Karlene Betteridge is a municipal leader working at the intersection of governance, structure, and organizational integrity. With experience in local government and the private sector, she focuses on how systems actually function under pressure: where authority sits, how decisions move, and what allows organizations to hold over time. Through her writing, she explores the often unseen structural conditions that shape governance, with a focus on clarity, accountability, and sustainable design.
About the Letter Series
A conductor does not play a single instrument. They do not write the music. They do not sit in the audience. They stand at the center of something complicated and alive, and they hold it together through clarity, timing, and an intimate understanding of every voice in the room.
This is what a Chief Administrative Officer does.
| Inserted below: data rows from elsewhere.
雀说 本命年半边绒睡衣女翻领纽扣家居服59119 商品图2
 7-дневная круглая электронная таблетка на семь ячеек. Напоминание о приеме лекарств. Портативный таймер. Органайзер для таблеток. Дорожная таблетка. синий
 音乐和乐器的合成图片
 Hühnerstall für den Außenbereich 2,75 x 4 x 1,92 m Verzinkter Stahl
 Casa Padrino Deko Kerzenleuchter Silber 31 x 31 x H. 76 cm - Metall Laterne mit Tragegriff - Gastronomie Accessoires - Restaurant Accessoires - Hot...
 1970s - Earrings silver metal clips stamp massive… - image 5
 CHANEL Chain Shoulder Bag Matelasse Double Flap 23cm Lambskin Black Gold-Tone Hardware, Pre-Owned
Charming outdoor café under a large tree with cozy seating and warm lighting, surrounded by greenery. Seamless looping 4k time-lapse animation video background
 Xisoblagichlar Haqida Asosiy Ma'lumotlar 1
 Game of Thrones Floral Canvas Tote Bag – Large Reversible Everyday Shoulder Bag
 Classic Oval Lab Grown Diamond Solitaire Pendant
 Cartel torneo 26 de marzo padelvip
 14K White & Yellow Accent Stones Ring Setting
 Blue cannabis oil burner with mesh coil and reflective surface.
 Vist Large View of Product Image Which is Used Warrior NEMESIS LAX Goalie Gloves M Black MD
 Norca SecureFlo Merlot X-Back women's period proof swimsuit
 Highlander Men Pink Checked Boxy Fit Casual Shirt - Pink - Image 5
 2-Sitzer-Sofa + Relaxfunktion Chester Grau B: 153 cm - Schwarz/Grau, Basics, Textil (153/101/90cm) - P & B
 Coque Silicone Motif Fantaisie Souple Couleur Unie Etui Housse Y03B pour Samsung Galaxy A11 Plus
This is what a leader does at the apex of any organization with a board.
In a municipality, Council writes the music. They set the vision, establish the policy, and determine the direction that reflects what the community values and what it needs. They answer the fundamental question of governance: what do we want to become?
The CAO conducts. They translate that vision into motion – coordinating the expertise of staff, navigating the complexity of operations, and ensuring that every section of the organization plays its part in alignment with Council’s direction. The CAO answers the quieter question: how do we get there, together, without losing anyone along the way?
Staff play the instruments. Each role, each department, each skilled person in the organization brings something that the whole cannot function without. Operations. Finance. Legislative Services. Community Relations. Planning. The conductor does not play their instruments for them; they create the conditions for each person to play well.
And the citizens listen. They hear the music long before they read the policy. They feel it in the services they receive, in the responsiveness of their government, in whether their community feels like a place that is well held. They provide the most important feedback of all, not in chambers, but in daily life. Whether the music is working. Whether it needs to be rewritten. Whether it is still playing for them.
I called this series Conducting Governance because the metaphor is not decorative. It is structural. Good governance requires the same things a great orchestra requires: clarity of role, trust between sections, a shared understanding of the score, and a conductor who is not trying to play every instrument, but who is responsible, deeply and completely, for how the whole thing sounds.
These letters explore what happens when that structure holds, and what quietly breaks it when it doesn’t.